The poem Window Gazing
is classically McGough: a sequence of poetic puns and imaginings, for example
these 2 from 30,
Haberdasher’s window
Pulling our eyes
over the wool
Window-shopping
Went window-shopping
Bought a sash, two
casements
and a uPVC tilt &
turn
There is a similar treatment in the sequence of poems Indefinite Definitions where the entire
alphabet is used for more playful treatment,
Cute
A cute is sharp, knows
all the angles
When it suits, is
eager to please
In a tight corner, no
angel
Will squeeze you, this
one, by degrees
and then there’s the final poem sequence And So To Bed where the playing with
words [each poem making more sense in the context of the whole] is less of a
game,
Death Row Bed
The electric blanket
is still used in
Nebraska
Tennessee and Alabama
In further illustrating these typical poetic
characteristics, here’s McGough at his concrete best,
Poem on the Underground
tu be
or not
tu be
So this collection deals in and with the light and fluffy,
but McGough also confronts weightier subjects like his own ageing and the realities of death, as he has
in more recent publications.
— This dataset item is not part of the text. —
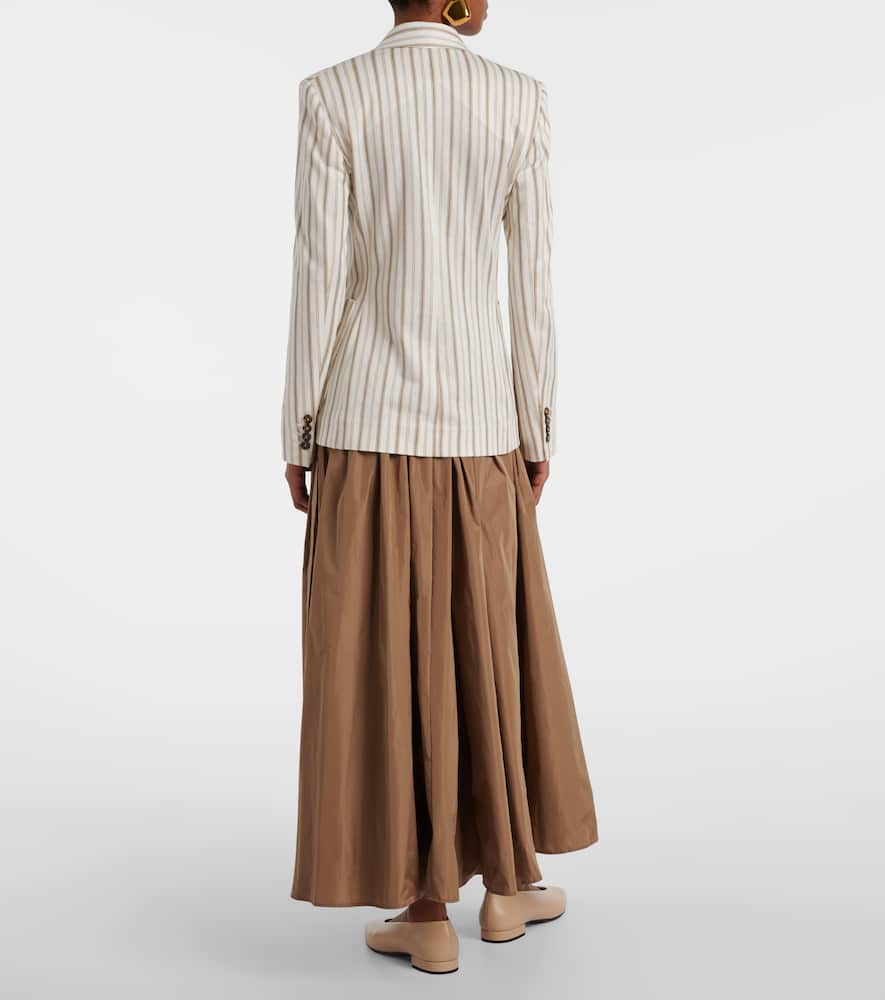 Pensile cotton and linen blazer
This gets an apparently personal if anonymous referencing
in the following,
Tomatoes
Out on the sunny
patio, the Gro-bag.
Scattered on the
compost, your ashes
Come spring, young
shoots will rise
and the fruit, like
church bells
ring from the vines.
Tomatoes,
if not with the taste
of you in them
at least, ripening
with memory
and is explored further and even more personally – but always
with that wry tone that keeps its distance from despair – in the poem Beyond Compare which employs the ruse of
being instructions to a loved one about seeking a new love after his death, and is
exemplified in these three stanzas,
For you to find
another leading man
would not be
unreasonable, given your age
An understudy who has
been biding his time
learning my lines
below stage
But don’t be rushed.
Should he move in
take your time and
find the space
To enlighten this Johnny-come-lately
so that from the start
he knows his place
Put our wedding
portrait on the bedside table
but don’t make of it a
shrine. Rugby shield
and team photos on the
piano. Tennis cups?
One of our mixed
doubles would be fine.
That last line is the consummate McGough quip: toying with
the ordinary to make such an everyday metaphor deliver a gentle but memorable
punch. It is that very lightness of touch which seems so honestly effective.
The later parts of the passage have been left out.